Wed, Mar 30, 2016 - Page 8 News List


Diplomatic ties

May 20, the day on which Tsai Ing-wen (蔡英文) is to take office as president, is Independence Day in Timor-Leste, a Southeast Asian nation that once had close ties with Taiwan. In what was then Portuguese Timor, there was a consulate of the Republic of China in the capital, Dili, and a Chinese school used textbooks from Taiwan.

Sadly, following an Indonesian invasion, the ties were ended as many Sino-East Timorese fled to escape an occupation in which they were often targeted for mass killings. Despite their allegiance to Taipei, the government of then-Indonesian president Suharto saw these people as potential fellow travelers with the Revolutionary Front for an Independent East Timor, the left-wing independence movement that received verbal support from Beijing.

Following the end of Indonesian rule in 1999, there was talk of establishing a Taiwanese office or center in Dili, but China established what is now its embassy and Timor-Leste’s leaders adhere to a “one China” policy, issuing predictable joint communiques about the status of Taiwan. Even an unofficial Taiwanese delegation seeking to visit Dili was denied entry.

Recently there has been concern in Taiwan that Sao Tome and Principe, another former Portuguese colony, might restore ties with Beijing, given that not only has its president recently visited China, but a Chinese company is building a US$800 million deep-sea port in the nation.

This investment alone dwarfs the total amount of aid Taiwan has given to Sao Tome since 1997.

In addition, Sao Tome might seek to join the Macau Forum, which promotes economic cooperation between China and Portuguese-speaking nations, from which it is excluded.

However, if these nations truly matter to Taiwan, the benefits from forging actual economic and cultural ties with all of them should outweigh the loss of political ties with one of them; but how much do they matter?

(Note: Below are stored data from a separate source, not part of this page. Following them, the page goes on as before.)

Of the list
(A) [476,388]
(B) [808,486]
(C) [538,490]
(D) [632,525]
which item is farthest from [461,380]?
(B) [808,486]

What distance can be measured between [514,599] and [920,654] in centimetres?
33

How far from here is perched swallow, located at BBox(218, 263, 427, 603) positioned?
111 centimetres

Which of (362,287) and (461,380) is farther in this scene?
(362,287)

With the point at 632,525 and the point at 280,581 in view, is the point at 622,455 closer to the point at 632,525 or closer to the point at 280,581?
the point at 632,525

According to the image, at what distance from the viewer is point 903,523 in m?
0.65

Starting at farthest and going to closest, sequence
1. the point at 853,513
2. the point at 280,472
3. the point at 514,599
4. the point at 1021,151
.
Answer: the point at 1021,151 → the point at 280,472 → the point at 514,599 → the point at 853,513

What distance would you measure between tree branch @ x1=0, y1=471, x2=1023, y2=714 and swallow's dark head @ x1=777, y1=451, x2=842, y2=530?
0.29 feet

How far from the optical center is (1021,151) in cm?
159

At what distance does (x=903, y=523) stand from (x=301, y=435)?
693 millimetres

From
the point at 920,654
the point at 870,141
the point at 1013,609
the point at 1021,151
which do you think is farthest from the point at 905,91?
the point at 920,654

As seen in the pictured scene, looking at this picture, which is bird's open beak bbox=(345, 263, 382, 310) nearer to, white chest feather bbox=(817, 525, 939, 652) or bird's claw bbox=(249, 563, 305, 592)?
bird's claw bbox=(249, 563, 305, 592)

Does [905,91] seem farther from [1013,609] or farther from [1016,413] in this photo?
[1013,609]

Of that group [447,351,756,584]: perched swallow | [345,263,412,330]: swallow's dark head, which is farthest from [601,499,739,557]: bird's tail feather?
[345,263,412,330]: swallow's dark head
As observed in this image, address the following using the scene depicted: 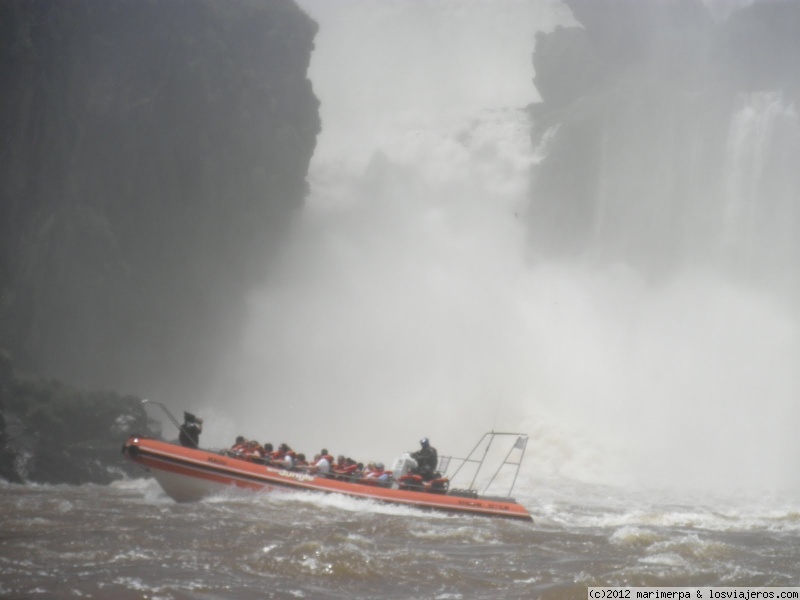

Apart from Sao Tome, the only such nation represented in Taiwan is Brazil. Portugal has no office in Taipei, although there is a Taiwan representative office in Lisbon and while it could probably establish one in the guise of its Portugal Global trade agency, money, as always, is an issue. It is likely to handle Taiwanese affairs from Macau, as do Angola and Mozambique, which also have consulates there.

Instead of an embassy in Sao Tome, there could be Taipei offices or centers in Timor Leste, as well as Angola and Mozambique. Although the days of these institutions having cryptic names with references to “Free China,” “the Far East” and “Sun Yat-sen” are largely a thing of the past, perhaps Taipei’s offices in Dili, Luanda or Maputo could use that historic name of Portuguese origin: “Formosa.”